Trying to capture the tear forming in the one eye across from me, I’m hearing about treating soldiers from the front. An interesting face in a Kentucky cafe, holding ninety years of life, is my subject. Getting up the courage, I ask if she minds if I draw her. With a gentle smile and a frail hand she invites me to her table.
At first she is doing all the talking, "I've never met an artist before". She introduces herself, and then me to everyone in the place. I find myself in an open conversation about artists and what kind I might be. As I begin to draw she tells me about her farm and coming to Jane's every morning for coffee. Jane smiles from behind the counter, it's her cafe we're in. It's one of those small out of the way places that has two gas pumps out front that antique dealers are always wanting to buy. No gas, but great sandwiches and gossip.
Emma is her name, and “that's John who has just come in, he fixes things,” she says. At first it's a steady stream of small talk. As I draw her she begins telling me more about herself and her younger days, when she had less wrinkles. She said she was a real beauty, that the soldiers alway wanted her to care for them. A nurse during the Great War. At twenty, my subject treated soldiers blinded by the gas in the trenches of the so-called Great War. An image of the blind man who walked by our house daily, back when I was busy with my cap guns and toy cowboys came to me as I listened. Out-of-ear-shot, Mom told about those men who were injured in that war. Now, twenty years later, I am sitting across from a lady who was there.

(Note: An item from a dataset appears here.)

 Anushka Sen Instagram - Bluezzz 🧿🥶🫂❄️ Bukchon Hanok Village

She tells me what it was like seeing what wars do. Old men send young men out to war, and then, turning into old men themselves, they send the next generation out to be killed. Nodding in agreement, I add the sadness that replaces the soft smile in my sketch. A gentleman sits down with us commenting on my drawing of Emma and saying she still is a pretty good looking nurse. Turning to a fresh page I begin a new sketch of my new friend who continues on with Emma's story. Besides being a nurse in the Great War she was a suffragette and still gets all the women out there to vote. The more I learned about her the more meaning my drawing takes on for me. There was a tear forming in her one eye. Only after she left did my new friend tell me Emma had lost two sons in the Second World War.

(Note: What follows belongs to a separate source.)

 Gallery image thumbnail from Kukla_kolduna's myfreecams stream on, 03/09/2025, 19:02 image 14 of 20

Every now and then I think about sitting in that Kentucky cafe and listening to total strangers become part of who I am, what I do. How fortunate I am to be an artist, even if it is only to myself. Today, at 76, I have a memory of a landscape I lived coming to life again on the easel. It is being painted today, but I lived it with my friend Paul some forty years ago. Closing my eyes I see the landscape and Emma. Tomorrow I may see the landscape, and my brother Francis, as I paint.